REQUIRED ACTION:
Leave out the images and return all the data word for word.

DATA EXCERPT:
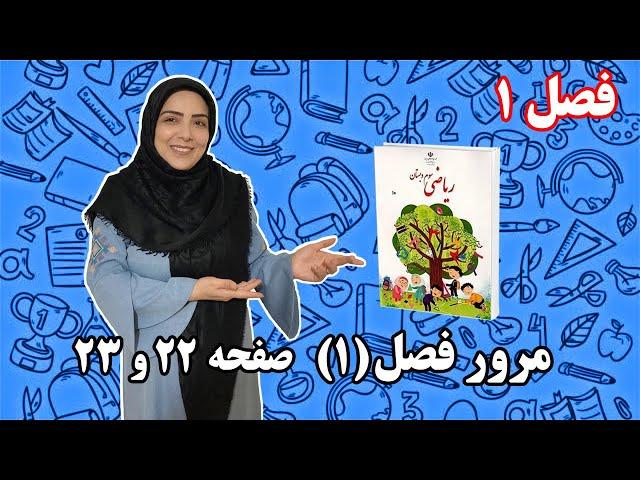 آموزش ریاضی پایه سوم ابتدایی- فصل ۱: مرور فصل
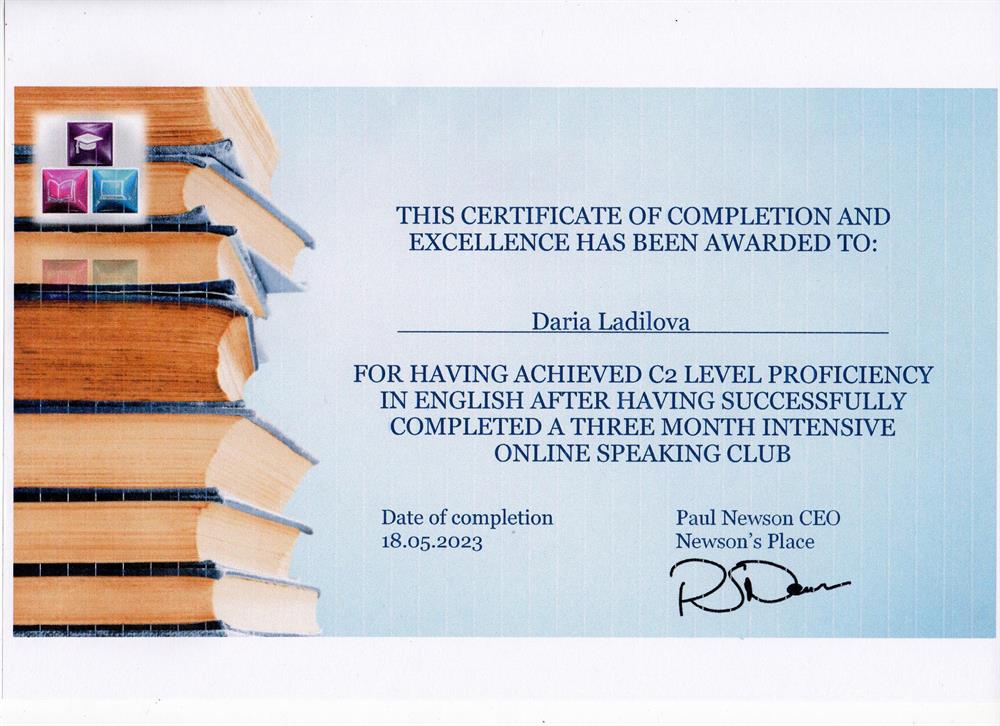 Сертификат C2 Level Proficiency in English with one-of-a-kind inimitable Paul Newson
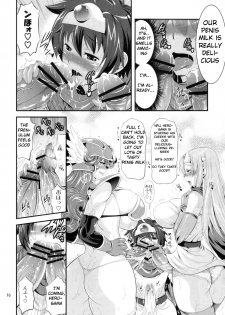 (C77) [Musashi-dou (Musashino Sekai)] FutaQue (Dragon Quest III) [English] [Miller] - page 16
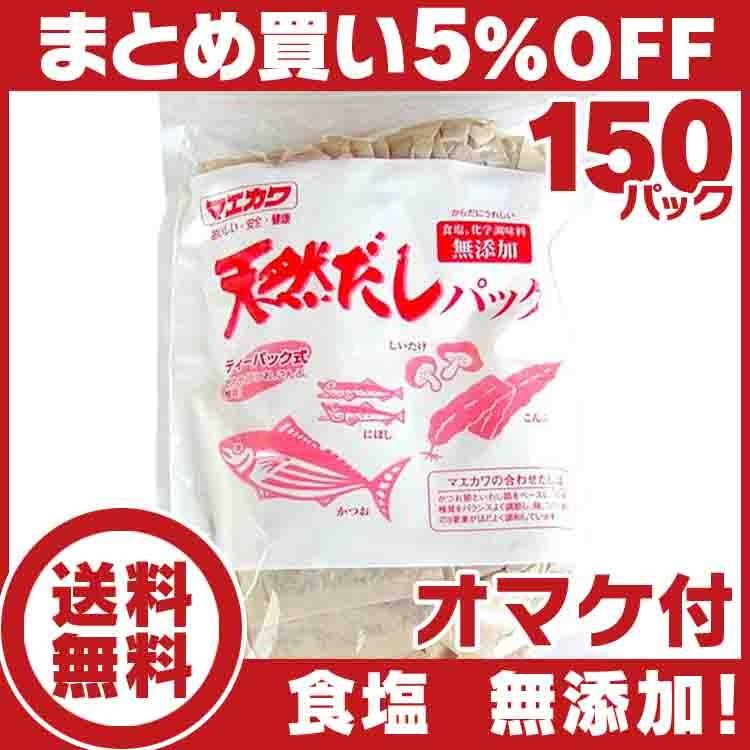 天然だしパック 特撰 １５０パック １袋25パック×6袋 マエカワテイスト 送料無料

SOLUTION TO THE EXERCISE:
 آموزش ریاضی پایه سوم ابتدایی- فصل ۱: مرور فصل
 Сертификат C2 Level Proficiency in English with one-of-a-kind inimitable Paul Newson
 (C77) [Musashi-dou (Musashino Sekai)] FutaQue (Dragon Quest III) [English] [Miller] - page 16
 天然だしパック 特撰 １５０パック １袋25パック×6袋 マエカワテイスト 送料無料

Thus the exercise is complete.